Dubbed the “Soccer War,” the conflict between the United States Football Association and the American Soccer League spelled the end of a golden age of soccer in this country; one that remains the pinnacle of the sport's popularity in this country.

Though the ultimate result was the retreat of the sport into a six-decade dark age, the reasons for American soccer’s collapse were wide-ranging. At its core, the eroding relationship between the USFA and the ASL proved to be the basis for their downfalls. The 1924 National Challenge Cup boycott set everything in motion, opening a wound that would prove irreparable in the coming years. An unwillingness to cooperate led to a power struggle, setting the organizations' agendas against each other.

After the 1928 National Challenge Cup fiasco, the ASL refused to overturn the suspension of the clubs who had participated in the tournament, leading the USFA to suspend the league, and create a competing league under their jurisdiction. The ASL continued to operate as an “outlaw” league, but the presence of USFA-sanctioned competitors severely damaged their financial stability, causing corporate owners to pull out and clubs to fold.

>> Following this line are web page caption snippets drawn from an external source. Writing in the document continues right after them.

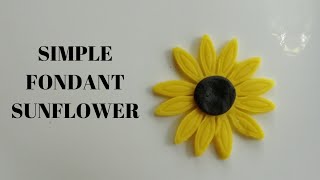 How to make a simple fondant sunflower [upl. by Kayle445]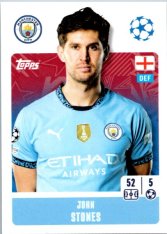 2024-25 Topps Champions League 275 John Stones (Manchester City)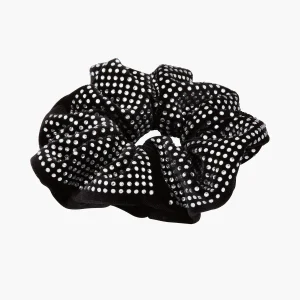 Chouchou noir à strass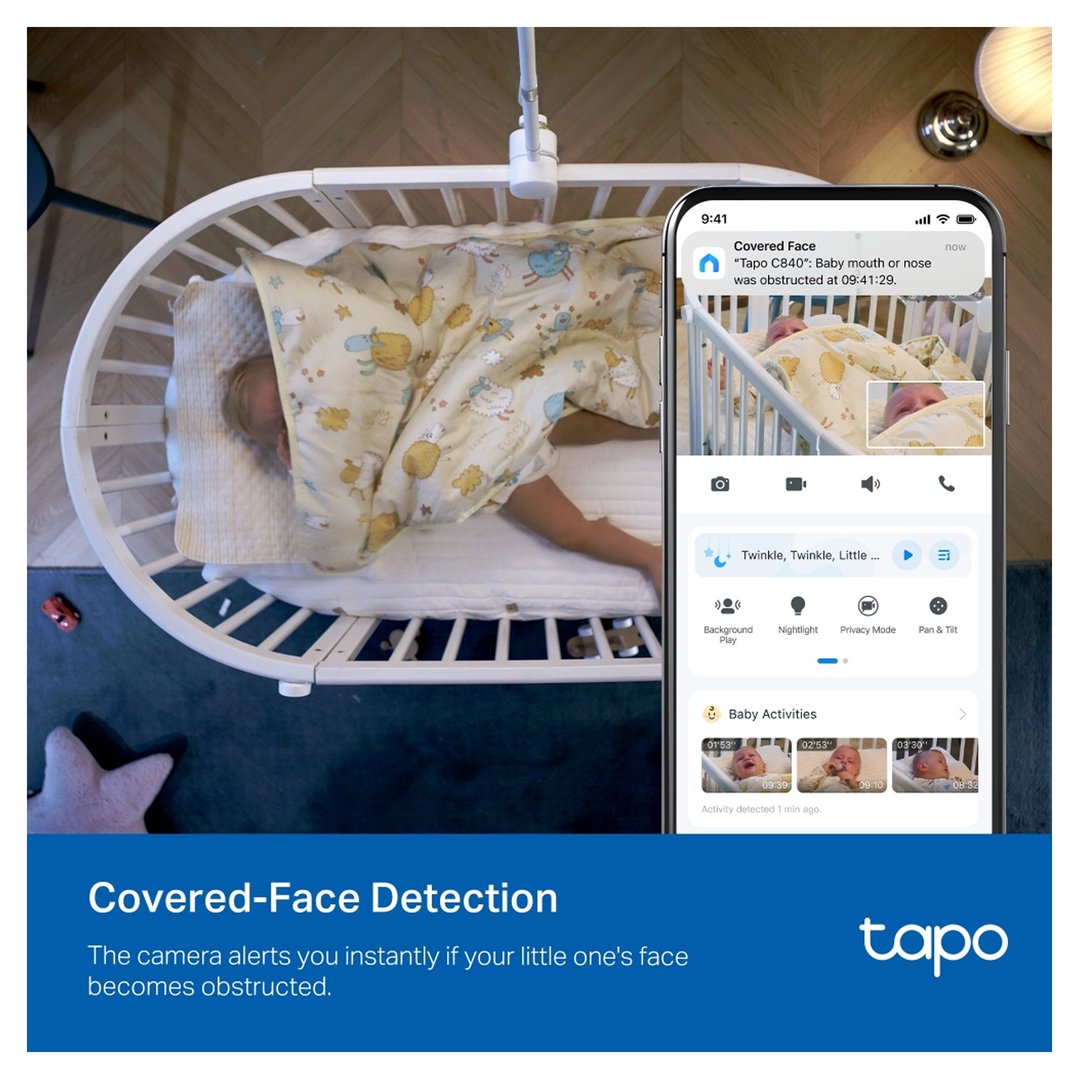 tp-link Dual-Lens Smart Baby Camera TAPO-C840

The New Bedford Whalers play a match in a largely empty stadium

While soccer’s leading organizations were busy tearing themselves apart, the American public was losing their faith in the sport in large part due to their perception that foreign influence was ruining the sport. 1927’s transfer embargo played an influential role in tarnishing the reputation of the USFA and chipping the egos of Americans who followed the sport. At a time where political instability was always just around the corner in many parts of the world — and soon in the United States as well — American exceptionalism, as well as the xenophobia which can come along with it, fostered distrust of foreign influence affecting what was on its way towards becoming a cultural icon in the country.

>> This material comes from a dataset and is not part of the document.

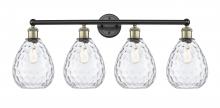  616-4W-BAB-G372 - Waverly - 4 Light - 35 inch - Black Antique Brass - Bath Vanity Light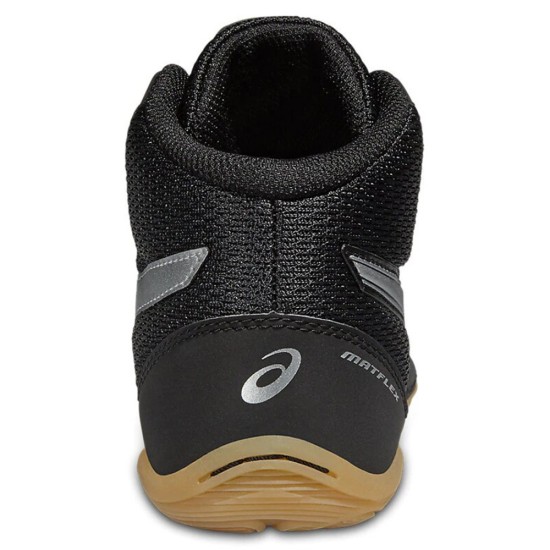 Детски борцовки ASICS Matflex 5 GS Black/Silver C545N.9093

That the USFA collaborated with FIFA at the expense of the ASL to an end which ultimately diluted the product of the league, while simultaneously stemming the flow of those who wanted a shot at playing and working in the land of opportunity, unnerved mainstream America. No matter the intricacies of the negotiations in which FIFA and the USFA were involved, the result was that fans felt betrayed, the USFA felt betrayed, and ASL owners felt betrayed — the end was nigh.

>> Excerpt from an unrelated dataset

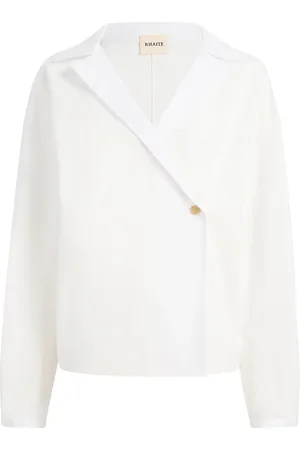 Khaite Femme, Blouses et Chemises, Blanc, Taille: 40 FR Ashton Top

While disputes within the soccer community were what crippled the footballing landscape in the United States, they weren’t what landed the final blow. The onset of the Great Depression in 1929 was the death knell that exposed the fatal flaw of the ASL’s corporate-owned club model. Though they had become wildly successful, teams like Bethlehem Steel, J&P Coats, the New Bedford Whalers, and other clubs with direct ownership ties to the industrial and manufacturing companies for which they were named, soccer teams were essentially company initiatives to boost employee morale, build brand awareness, and engage the community outside of business affairs. However, these clubs cost money to run. Managing stadiums, paying players, financing travel, and paying league dues meant that companies were spending heavily. When the Great Depression hit, it hit manufacturers and industrial producers hard. In an effort to preserve their companies, owners folded their soccer clubs, and by 1931 soccer icons Bethlehem Steel and the Fall River Marksmen had both succumb to the ravages of the worst economic crisis in the history of the United States.

Patenaude (right) days before scoring the World Cup’s first-ever hat trick

Though players such as the legendary Bert Patenaude and Billy Gonsalves did their best to continue competing in minor leagues such as the Atlantic Coast League and with the United States National Team, the damage was done. Soccer had been relegated to a spot in a forgotten portion of the American sports lexicon.

The golden age of American soccer fell victim to the power struggles of an emerging landscape and a volatile global economy. Upturned by its own might, the sport grew far too quickly to an unsustainable size — it collapsed under the weight of its own ambition like a young star, flushed into the vacuum by a world-wide economic implosion.